True about SA bandwidth. Also iBurst's systems might give you different problems, so rather try more reliable DNS servers.

According to /etc/resolv.conf, you can also permanently add the nameserver lines to /etc/resolv.conf.head and /etc/resolv.conf.tail, but I have not tested it yet.

----------

## denaje

Yep, that was exactly the problem. I tried cach0rr0's temporary fix, and it worked. I also tried using my router's DNS information, and it works too.

Now the question is about a more permanent fix. Are you saying that the problem is my router not providing the DNS information to the client? I see an option for obtaining DNS information automatically, but nothing about providing DNS nameservers to clients. Is this something I configure in the router or in Gentoo? (It's a DHCP setup, not static addresses.)

----------

## civilian

Actually, I think the DNS server is the problem. I learned of this kind of problem when my ISP's DNS servers were giving problems.

If you're using DHCP then your router should set itself as the DNS server, and then just forward any DNS request to its DNS server.

In my case DHCP sets my resolv.conf to 192.168.0.1.

Try setting it in /etc/resolv.conf.head or /etc/conf.d/net.

If you can afford it, you can try waiting, since the DNS server should get fixed at some point.

----------

## denaje

 *civilian wrote:*   

> Actually, I think the DNS server is the problem. I learned of this kind of problem when my ISP's DNS servers were giving problems.
> 
> If you're using DHCP then your router should set itself as the DNS server, and then just forward any DNS request to its DNS server.
> 
> In my case DHCP sets my resolv.conf to 192.168.0.1.
> ...

 

Huh. Before, my resolv.conf was set to the ip of my router, and I would have thought that it would forward the DNS requests. But this problem has been going on for months (I just haven't been home in a while), and when I set the nameservers in resolv.conf to the nameservers the router receives, it works. So could this be a problem with the router?

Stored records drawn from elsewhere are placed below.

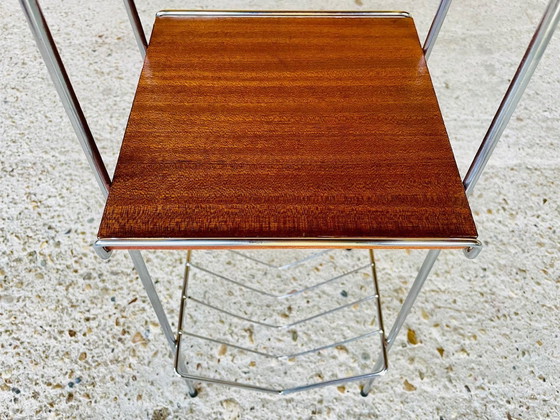 Image 1 of Table d'appoint vintage à 2 niveaux avec porte-revues, 1960S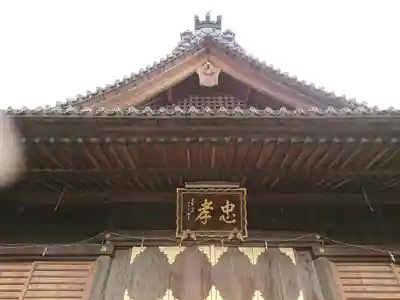 石山神社の本殿・本堂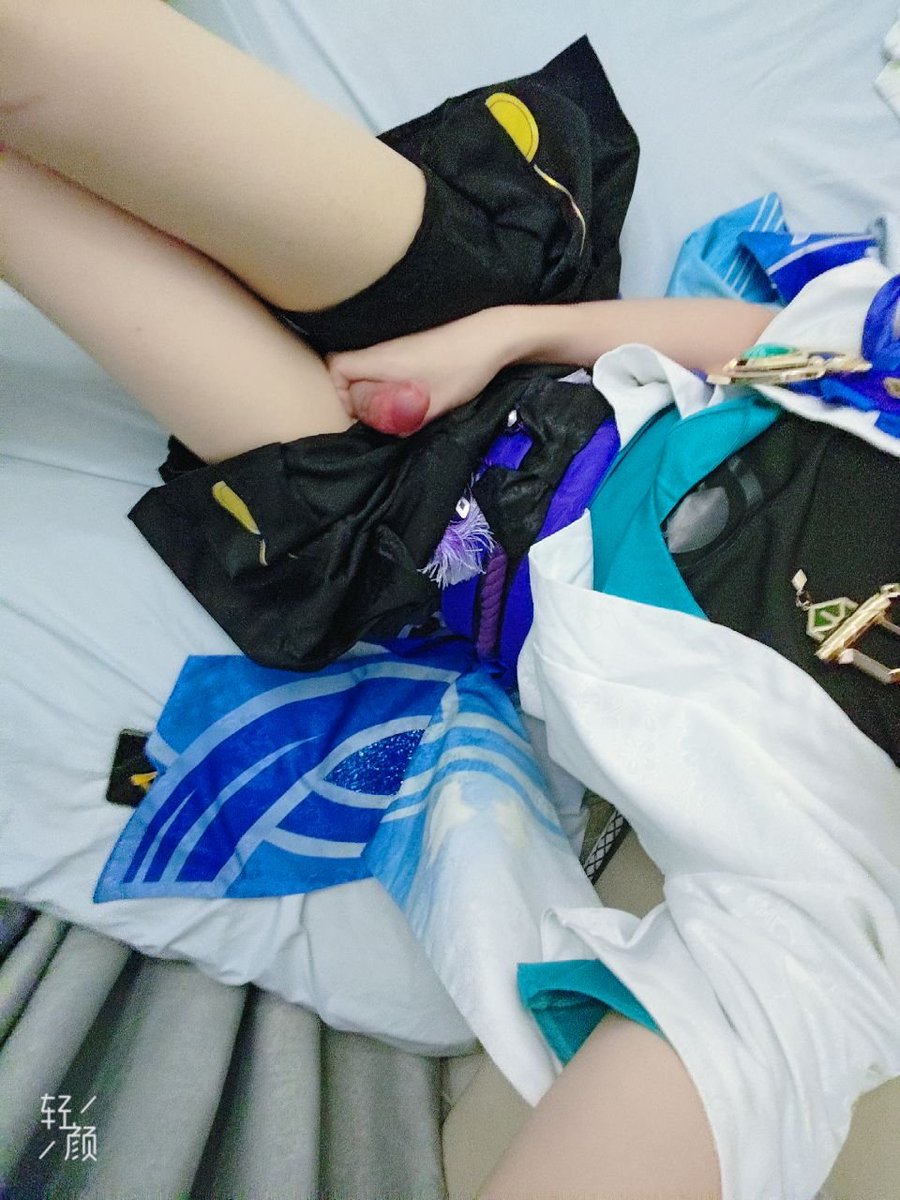xiaoxing_li08's tweet photo. 陪我睡一觉，给自己一个大嘴巴子，再给我200块钱。
 #散兵 #cos #小屌 #腿控 #已成年 https://t.co/8xn9KMiFDR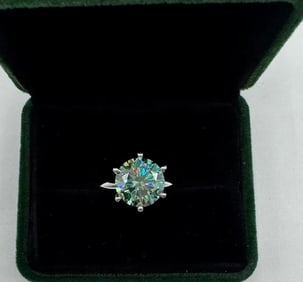 5 Carats Green Moissanite Ring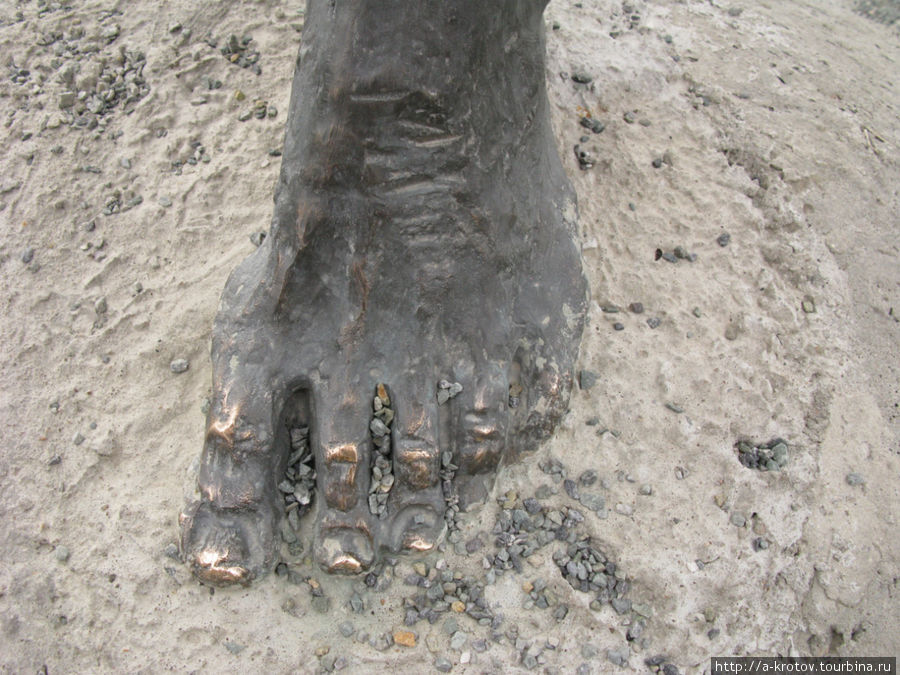 Ноги у древних людей, однако, неправильные — как будто в ботинках долго ходили — у настоящих босоходящих людей пальцы более растопырены Ханты-Мансийск, Россия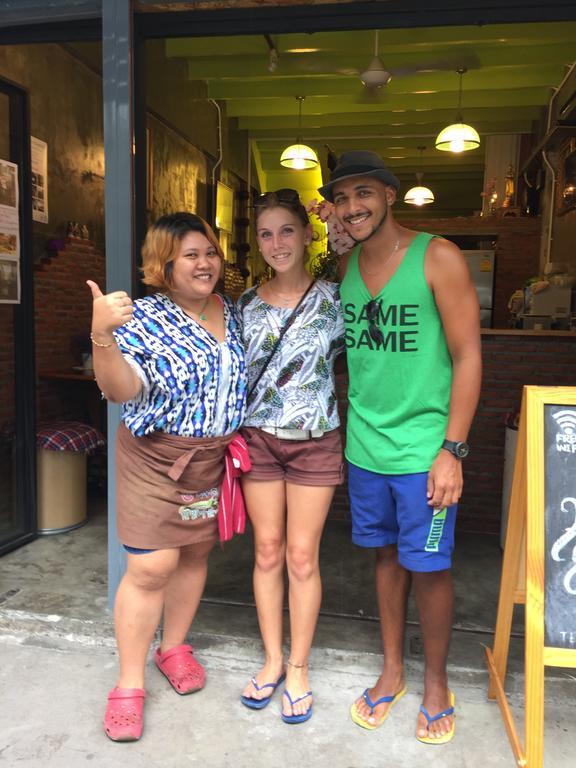 Hometown Hostel Samut Songkhram Eksteriør billede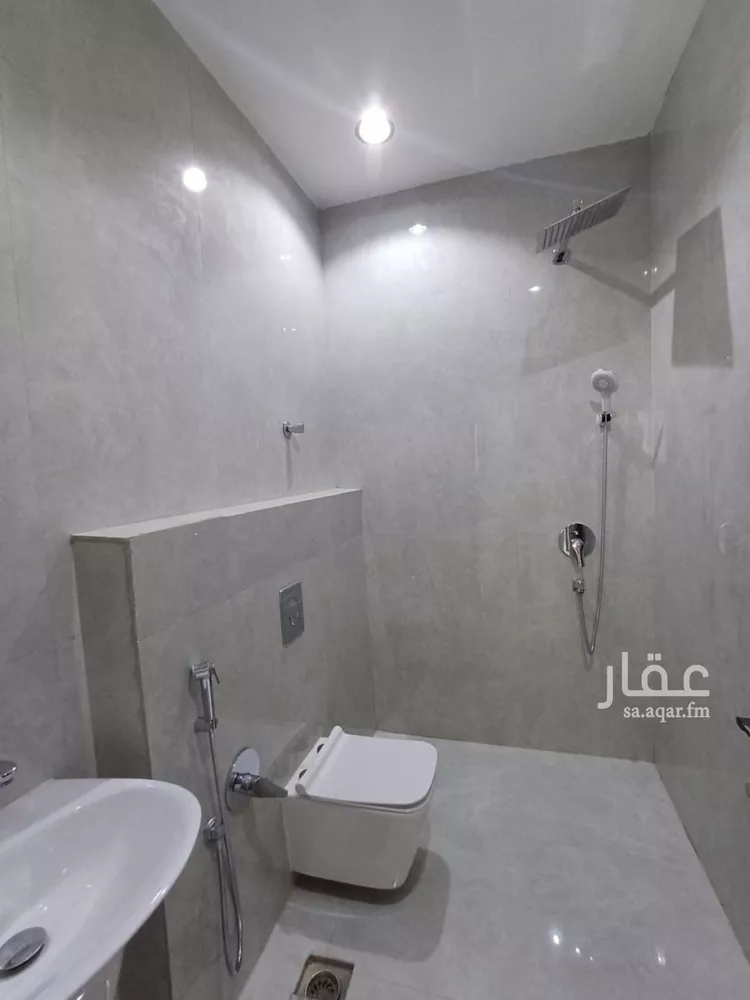 فيلا للبيع في شارع إبراهيم بن حسين, حي الرمال, مدينة الرياض, منطقة الرياض صورة 4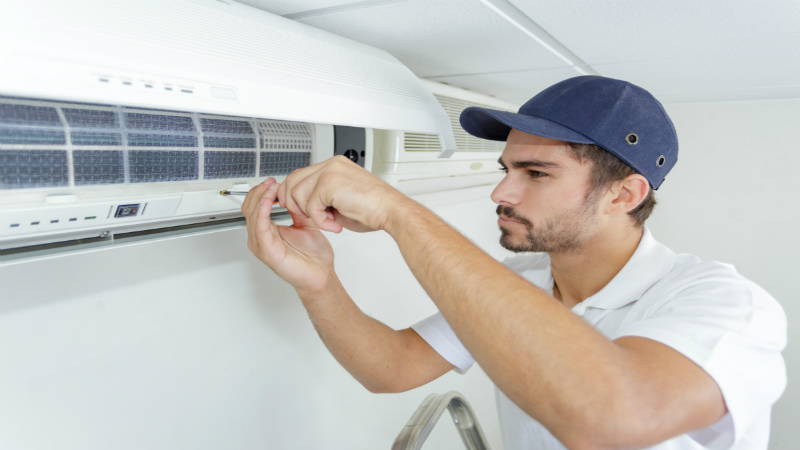 3 Reasons to Consider Using an Air Conditioning Service in Glenview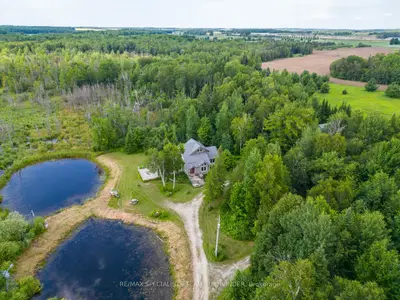 Detached in Melancthon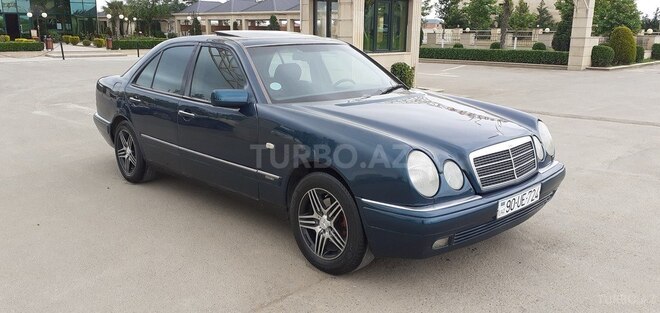 Mercedes E 230 1996, 242,389 km - 2.3 l - Cəlilabad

Also, I do not have an /etc/resolv.conf.head. I'll try configuring it in /etc/conf.d/net, but will this break when I move to a new internet connection?

----------

## civilian

 *Quote:*   

> and when I set the nameservers in resolv.conf to the nameservers the router receives, it works.

 

I missed that part. It might be the router then.

resolv.conf.head is a file that you need to create yourself.

The script that generates resolv.conf will check for the head and tail file, and add them to the appropriate places in resolv.conf (There's a commented line in resolv.conf that says head comes here).

----------

## cach0rr0

all routers are different i suppose, but on mine - Linksys WRT54GS - you can tell it which DNS servers to push out via DHCP. 

On mine I use what I've mentioned above. 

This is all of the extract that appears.